## TRY IT
Extract exactly those lines that lie between the start of the material and the line with "Bozinovski | Saatchi Art", including both boundary lines and no others.

** MATERIAL FOR THIS EXERCISE follows **

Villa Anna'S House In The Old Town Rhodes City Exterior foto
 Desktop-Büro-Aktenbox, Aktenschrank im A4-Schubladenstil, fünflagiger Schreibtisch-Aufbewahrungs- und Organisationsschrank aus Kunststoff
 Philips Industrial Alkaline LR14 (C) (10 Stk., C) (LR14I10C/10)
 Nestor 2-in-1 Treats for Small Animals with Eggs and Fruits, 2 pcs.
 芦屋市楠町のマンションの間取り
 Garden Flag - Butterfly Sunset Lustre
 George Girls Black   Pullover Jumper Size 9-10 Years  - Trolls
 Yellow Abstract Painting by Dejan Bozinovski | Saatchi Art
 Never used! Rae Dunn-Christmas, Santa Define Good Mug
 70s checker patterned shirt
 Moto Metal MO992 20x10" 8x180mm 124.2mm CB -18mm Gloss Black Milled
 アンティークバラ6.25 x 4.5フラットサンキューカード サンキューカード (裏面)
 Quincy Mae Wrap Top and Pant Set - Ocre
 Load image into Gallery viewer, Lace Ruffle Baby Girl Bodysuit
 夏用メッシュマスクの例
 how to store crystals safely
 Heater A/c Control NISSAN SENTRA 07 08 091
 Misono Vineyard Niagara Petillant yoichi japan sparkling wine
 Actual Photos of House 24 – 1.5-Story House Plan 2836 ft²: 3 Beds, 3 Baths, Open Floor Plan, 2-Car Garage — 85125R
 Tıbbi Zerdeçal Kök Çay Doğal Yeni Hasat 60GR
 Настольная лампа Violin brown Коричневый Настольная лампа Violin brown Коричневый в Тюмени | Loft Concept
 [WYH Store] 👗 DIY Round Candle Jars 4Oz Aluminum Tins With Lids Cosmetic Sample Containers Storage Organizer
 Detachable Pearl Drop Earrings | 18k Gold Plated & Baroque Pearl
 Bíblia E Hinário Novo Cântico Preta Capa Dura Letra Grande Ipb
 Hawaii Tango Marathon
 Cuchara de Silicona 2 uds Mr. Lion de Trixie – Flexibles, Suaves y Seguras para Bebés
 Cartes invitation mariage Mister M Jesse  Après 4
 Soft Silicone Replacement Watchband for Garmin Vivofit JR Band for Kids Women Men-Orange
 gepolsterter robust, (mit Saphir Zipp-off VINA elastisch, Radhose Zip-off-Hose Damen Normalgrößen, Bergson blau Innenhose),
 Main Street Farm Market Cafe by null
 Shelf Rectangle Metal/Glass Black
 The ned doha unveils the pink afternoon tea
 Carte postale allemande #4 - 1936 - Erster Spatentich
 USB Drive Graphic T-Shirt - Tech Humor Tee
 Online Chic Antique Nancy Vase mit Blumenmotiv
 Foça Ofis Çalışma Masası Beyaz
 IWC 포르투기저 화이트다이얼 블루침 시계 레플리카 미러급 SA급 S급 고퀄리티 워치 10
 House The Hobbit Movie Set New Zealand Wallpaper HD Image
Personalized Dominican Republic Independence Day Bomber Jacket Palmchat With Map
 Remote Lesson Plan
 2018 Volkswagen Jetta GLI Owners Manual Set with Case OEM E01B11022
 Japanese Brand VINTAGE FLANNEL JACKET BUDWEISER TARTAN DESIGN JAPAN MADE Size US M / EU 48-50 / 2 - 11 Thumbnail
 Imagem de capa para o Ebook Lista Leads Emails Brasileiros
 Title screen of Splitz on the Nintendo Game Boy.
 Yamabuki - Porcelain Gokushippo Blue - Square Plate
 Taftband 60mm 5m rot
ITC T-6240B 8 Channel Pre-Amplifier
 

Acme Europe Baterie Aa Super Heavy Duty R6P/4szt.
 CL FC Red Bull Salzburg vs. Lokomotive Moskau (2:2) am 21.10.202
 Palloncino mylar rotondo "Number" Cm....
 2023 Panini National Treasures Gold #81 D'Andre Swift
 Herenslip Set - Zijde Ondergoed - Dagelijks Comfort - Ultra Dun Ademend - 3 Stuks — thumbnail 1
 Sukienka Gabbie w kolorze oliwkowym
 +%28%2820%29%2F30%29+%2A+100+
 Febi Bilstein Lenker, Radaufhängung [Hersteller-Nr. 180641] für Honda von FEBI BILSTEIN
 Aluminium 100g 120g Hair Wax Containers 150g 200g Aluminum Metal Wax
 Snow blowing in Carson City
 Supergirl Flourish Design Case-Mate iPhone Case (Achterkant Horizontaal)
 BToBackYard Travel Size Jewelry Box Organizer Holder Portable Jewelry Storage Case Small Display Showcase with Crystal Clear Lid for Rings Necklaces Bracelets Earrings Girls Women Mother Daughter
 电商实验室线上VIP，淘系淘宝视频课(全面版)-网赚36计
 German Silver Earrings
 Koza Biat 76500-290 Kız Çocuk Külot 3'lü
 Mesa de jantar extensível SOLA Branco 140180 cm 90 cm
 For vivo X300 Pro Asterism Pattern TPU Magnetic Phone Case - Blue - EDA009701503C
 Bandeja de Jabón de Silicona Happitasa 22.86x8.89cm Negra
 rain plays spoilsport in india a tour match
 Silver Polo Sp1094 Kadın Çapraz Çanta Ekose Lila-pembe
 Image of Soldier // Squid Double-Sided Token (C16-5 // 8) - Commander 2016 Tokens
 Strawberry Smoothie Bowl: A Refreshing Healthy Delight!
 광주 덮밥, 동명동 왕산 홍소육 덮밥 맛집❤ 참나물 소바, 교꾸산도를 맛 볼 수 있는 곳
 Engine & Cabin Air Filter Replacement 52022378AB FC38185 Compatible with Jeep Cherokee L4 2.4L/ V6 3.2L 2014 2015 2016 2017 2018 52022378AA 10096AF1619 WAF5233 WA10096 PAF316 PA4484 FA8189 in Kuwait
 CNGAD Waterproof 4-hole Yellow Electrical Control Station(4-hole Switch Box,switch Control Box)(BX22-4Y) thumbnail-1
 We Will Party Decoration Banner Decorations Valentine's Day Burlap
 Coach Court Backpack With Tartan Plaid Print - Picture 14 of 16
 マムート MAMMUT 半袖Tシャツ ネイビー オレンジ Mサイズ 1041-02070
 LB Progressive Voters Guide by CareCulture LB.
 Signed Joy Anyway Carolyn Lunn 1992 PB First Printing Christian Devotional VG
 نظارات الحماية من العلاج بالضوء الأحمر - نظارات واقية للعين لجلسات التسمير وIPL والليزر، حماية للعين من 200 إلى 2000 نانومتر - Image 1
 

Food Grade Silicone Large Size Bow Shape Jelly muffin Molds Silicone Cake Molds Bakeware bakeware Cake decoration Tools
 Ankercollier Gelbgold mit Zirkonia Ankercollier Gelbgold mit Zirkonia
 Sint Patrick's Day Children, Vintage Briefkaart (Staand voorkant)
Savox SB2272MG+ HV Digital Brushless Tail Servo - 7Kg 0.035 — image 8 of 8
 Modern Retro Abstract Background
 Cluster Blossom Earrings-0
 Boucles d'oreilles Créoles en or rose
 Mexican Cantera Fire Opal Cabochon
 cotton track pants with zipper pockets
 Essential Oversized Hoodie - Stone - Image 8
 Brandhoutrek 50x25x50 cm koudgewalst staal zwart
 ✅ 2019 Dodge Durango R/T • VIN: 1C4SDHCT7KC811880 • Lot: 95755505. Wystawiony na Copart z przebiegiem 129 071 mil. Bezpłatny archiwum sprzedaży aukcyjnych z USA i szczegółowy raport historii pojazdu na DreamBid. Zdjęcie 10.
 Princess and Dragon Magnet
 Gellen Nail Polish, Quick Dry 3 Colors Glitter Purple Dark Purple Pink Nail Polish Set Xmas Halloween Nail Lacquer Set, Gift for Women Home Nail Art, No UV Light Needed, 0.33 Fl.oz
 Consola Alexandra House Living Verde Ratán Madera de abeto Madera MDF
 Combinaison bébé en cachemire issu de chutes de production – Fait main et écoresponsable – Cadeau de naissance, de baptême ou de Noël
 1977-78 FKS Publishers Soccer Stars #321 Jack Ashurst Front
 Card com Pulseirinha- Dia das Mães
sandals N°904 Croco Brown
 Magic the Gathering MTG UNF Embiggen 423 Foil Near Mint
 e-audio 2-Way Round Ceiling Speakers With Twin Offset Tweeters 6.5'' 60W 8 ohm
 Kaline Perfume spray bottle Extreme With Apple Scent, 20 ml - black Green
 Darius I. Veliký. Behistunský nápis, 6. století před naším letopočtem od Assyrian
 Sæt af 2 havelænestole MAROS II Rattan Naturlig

** End of MATERIAL FOR THIS EXERCISE **

## WRITTEN SOLUTION
Villa Anna'S House In The Old Town Rhodes City Exterior foto
 Desktop-Büro-Aktenbox, Aktenschrank im A4-Schubladenstil, fünflagiger Schreibtisch-Aufbewahrungs- und Organisationsschrank aus Kunststoff
 Philips Industrial Alkaline LR14 (C) (10 Stk., C) (LR14I10C/10)
 Nestor 2-in-1 Treats for Small Animals with Eggs and Fruits, 2 pcs.
 芦屋市楠町のマンションの間取り
 Garden Flag - Butterfly Sunset Lustre
 George Girls Black   Pullover Jumper Size 9-10 Years  - Trolls
 Yellow Abstract Painting by Dejan Bozinovski | Saatchi Art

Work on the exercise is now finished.